James Blish’s appearance in the Steel City occurred two years before the publication of A Life for the Stars, which became the second “chapter” in Cities in Flight, a four volume omnibus that details mankind’s exploration of space that is arguably Blish’s greatest achievement. The quartet of novels that encompass Cities in Flight span millenniums, from the development of an anti-gravity device in 2021 that enables the human race to literally reach for the stars, to the inevitable end of the universe in the year 4004. The narratives contained within Cities in Flight are often referred to as James Blish’s “Okie” stories as they follow the journeys of New York City—which has been able to “lift” itself from planet Earth—as it travels the galaxy in search of work, in much the same way that millions of Midwest farm laborers migrated around the country during the Great Depression in the hopes of finding employment.

The initial They Shall Have Stars was published in 1956, and is an obvious byproduct of its era. Set in the early part of the Twenty First Century, the Cold War between the United States and Soviet Union continues to rage on. Alaskan Senator Bliss Wagoner, however, has come to the realization that the Soviets have already won the war, as decades of hostilities between the two nations has led the United States to take drastic measures within its own borders, resulting in the curbing of civil liberties and in effect transforming the country into a political mirror image of the Soviet Union. Wagoner thus believes that the future of freedom and democracy resides not on Earth but within the stars, and secretly authorizes two research studies—the first of which leads to the discovery of the “spindizzy,” a device capable of enabling spaceflight at previously unforeseen speeds, while the second results in an antibiotic that is capable of stemming the aging process within humans and making them immune to death by natural causes.

Armed with the ability to transverse great distances, coupled with a new lifespan that can potentially last hundreds—even thousands—of years, mankind does indeed slowly make its way across the galaxy, becoming the dominant species in the universe in the process. The migration, as well as diminishing natural resources on Earth, has even led to entire cities making the journey in the hopes of finding work within the stars. The bulk of Cities in Flight thus follows New York City and its immortal Mayor John Amalfi as Manhattan struggles to survive in a universe filled with pitfalls, decaying societies, a once-dominant alien race and other Okie cities in need of food and supplies as much as any other.

While New York City is the central focus of Cities in Flight, the four novels that encompass the omnibus still provide details regarding the larger history of mankind. Over the course of 2,000 years, both Earth itself and the entire galaxy has witnessed a plethora of political, religious and philosophical movements, as well as many self-proclaimed emperors and kings, while New York City often finds itself trapped between warring planets, undeveloped civilizations and fundamentalist uprisings. But just as Senator Bliss Wagoner believed that the future of freedom and democracy did not rest with politicians fighting an unwinnable Cold War, author James Blish makes the case that in spite of centuries filled with conflict and unrest, it is still everyday people personified by the Okie city of New York that holds the true future of the human race.

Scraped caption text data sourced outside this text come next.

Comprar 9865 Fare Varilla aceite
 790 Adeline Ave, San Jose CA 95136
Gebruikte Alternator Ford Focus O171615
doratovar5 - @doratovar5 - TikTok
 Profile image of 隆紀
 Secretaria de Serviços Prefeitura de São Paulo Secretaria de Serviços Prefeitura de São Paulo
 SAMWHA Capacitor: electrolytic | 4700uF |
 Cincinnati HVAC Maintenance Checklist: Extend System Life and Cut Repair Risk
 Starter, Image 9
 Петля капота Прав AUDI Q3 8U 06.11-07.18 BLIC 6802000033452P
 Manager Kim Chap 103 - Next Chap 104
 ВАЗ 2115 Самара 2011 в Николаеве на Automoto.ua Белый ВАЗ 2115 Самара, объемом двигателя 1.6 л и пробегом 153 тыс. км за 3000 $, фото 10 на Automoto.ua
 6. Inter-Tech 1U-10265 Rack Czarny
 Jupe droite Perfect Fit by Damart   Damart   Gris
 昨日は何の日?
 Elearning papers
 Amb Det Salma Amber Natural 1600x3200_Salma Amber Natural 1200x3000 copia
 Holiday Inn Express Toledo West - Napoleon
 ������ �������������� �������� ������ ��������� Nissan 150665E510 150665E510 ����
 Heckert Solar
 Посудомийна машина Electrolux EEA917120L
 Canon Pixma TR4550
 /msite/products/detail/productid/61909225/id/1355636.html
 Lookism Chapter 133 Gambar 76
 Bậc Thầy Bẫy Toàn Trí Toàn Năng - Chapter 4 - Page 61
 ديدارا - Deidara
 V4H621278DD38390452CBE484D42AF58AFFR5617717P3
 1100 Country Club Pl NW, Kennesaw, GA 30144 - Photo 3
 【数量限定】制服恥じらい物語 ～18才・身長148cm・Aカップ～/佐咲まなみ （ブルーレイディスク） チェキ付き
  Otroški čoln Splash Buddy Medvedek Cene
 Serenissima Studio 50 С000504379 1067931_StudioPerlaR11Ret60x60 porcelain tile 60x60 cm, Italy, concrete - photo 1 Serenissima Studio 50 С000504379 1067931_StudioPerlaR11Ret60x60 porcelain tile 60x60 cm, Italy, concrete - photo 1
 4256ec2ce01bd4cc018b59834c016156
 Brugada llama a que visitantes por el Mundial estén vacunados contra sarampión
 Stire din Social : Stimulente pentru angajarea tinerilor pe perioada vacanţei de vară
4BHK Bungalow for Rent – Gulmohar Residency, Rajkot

Despite the emphasis on New York City, Cities in Flight does touch upon the city of Pittsburgh within its pages as well. It turns out that the Steel City was one of the first to utilize the spindizzy to launch itself from the eastern United States, not to become an Okie like New York but to continue its dominance within the steel production industry on the planet Mars. In the second novel of the series, meanwhile, it is the city of Scranton’s turn to find work away from Earth with a mission similar to that of their fellow Pennsylvania brethren. “There was still native iron on Mars, of course, but none of that was available for Scranton,” James Blish writes. “Pittsburgh was already on Mars, as well equipped with guns as with blast furnaces. Besides Mars was too small a planet to support more than one steel town, not because the red world was short of iron, but because it was short of oxygen, which was also essential for the making of steel.”

The next installment of Cities in FlightEarthman, Come Home—likewise makes a reference to Pittsburgh. “Earth itself became a garden planet, bearing only one city worth noticing, the sleepy capital of a galaxy,” Blish continues. “Pittsburgh valley bloomed, and rich honeymooners went there to frolic. Old bureaucrats went to Earth to die.”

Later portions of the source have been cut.